By PoliceOne Staff

ST LOUIS — A St. Louis police officer released surveillance video showing an encounter that could have turned deadly in order to highlight the dangers LEOs face on a daily basis.

On July 14, 2015, Sgt. Charles Lowe was working a security job and was sitting in his personal vehicle when the attacked happened, KTVI reported. Lowe told KMOV that he saw a vehicle approaching to his left before it got in front of his car, blocking him in.

Dale Wolford, 23, then jumped out of the car and started shooting Lowe, who returned fire. One of Wolford’s shots struck Lowe in the lower portion of his body armor, according to the St. Louis Dispatch.

“As soon as I was hit, I knew I was hit. I didn’t know how bad. I was trying to psychologically stay in the gunfight,” Lowe told KMOV. “The first thing I thought about was my family during the gunfight. I know that sounds strange. Then I remember being super, super vigilant of my sights, my weapon, my trigger control, everything I had learned over the last 18,19 years.”

Lowe was taken to a hospital and survived the attack. Police arrested Wolford and his getaway driver, 27-year-old Edward Davis, two days after the ambush. Lowe told the St. Louis Dispatch that he still doesn’t know the motive behind the ambush.

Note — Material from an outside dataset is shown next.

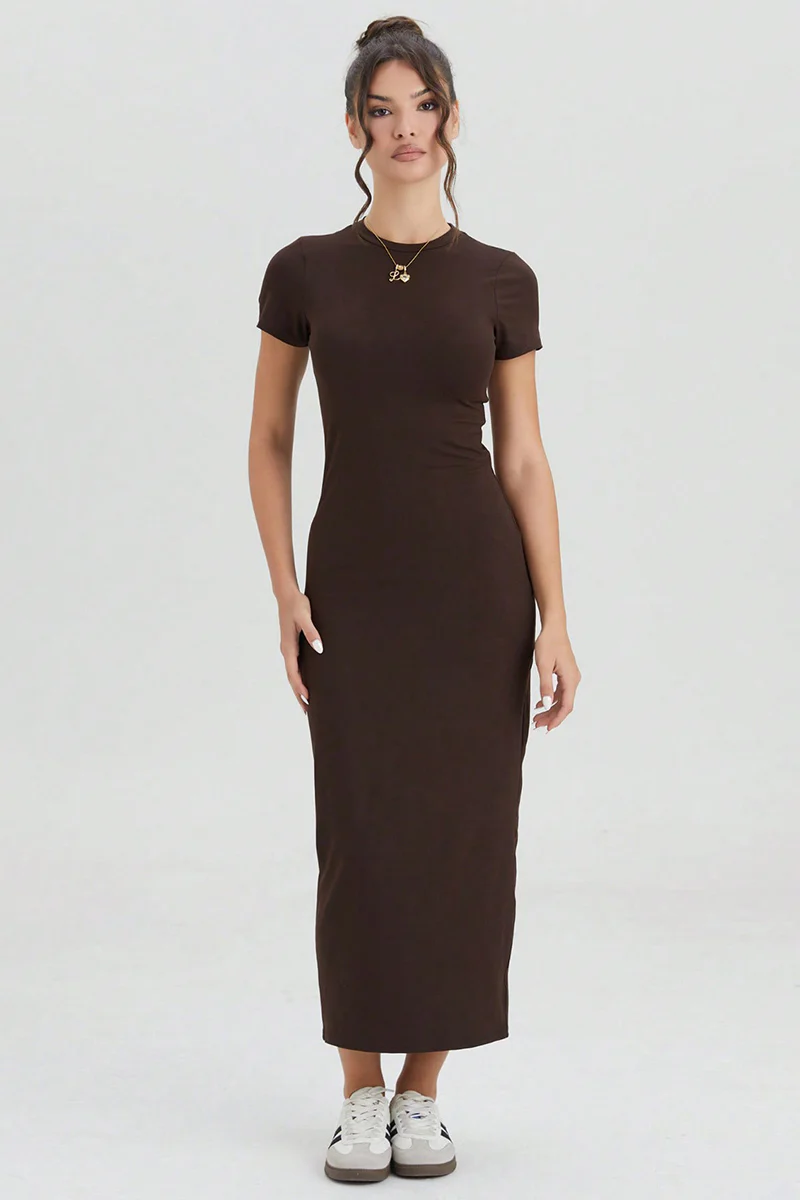 Summer Plain Round Neck Short Sleeve Bodycon Maxi Dress - Image 3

The officer was able to return to work a few months after the attack. Though he said it’s hard for him to relive the attack, he said he released the video to highlight the dangers LEOs face on a daily basis.

On Saturday, the three-year anniversary of the shooting, Lowe led the Victims Against Violence Walk, which is intended to create engagement between the St. Louis PD and the community.

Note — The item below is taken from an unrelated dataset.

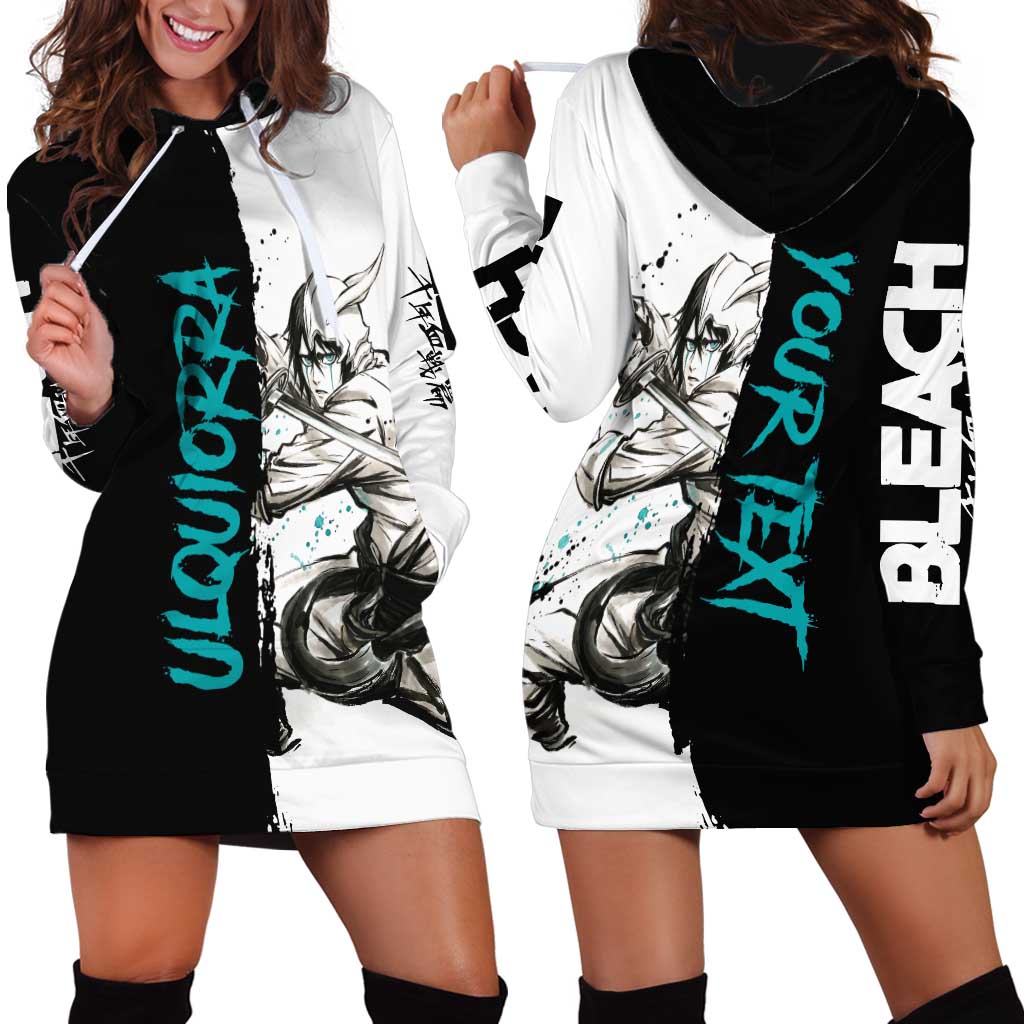 Personalized Ulquiorra Cifer Hoodie Dress Ink Splash Anime Brush Style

“The message is to let the community know we as officers in the city, sometimes while doing our duties, we become victims as well,” Lowe said. “I was a victim. I was ambushed like so many other victims in our city and state. It’s time for us to mend the differences and see that we have more things alike than not.”

Wolford and Davis were convicted earlier this year. Wolford was sentenced to 30 years for first-degree assault, while Davis was sentenced to 25 years for armed criminal action and driving Wolford to the scene.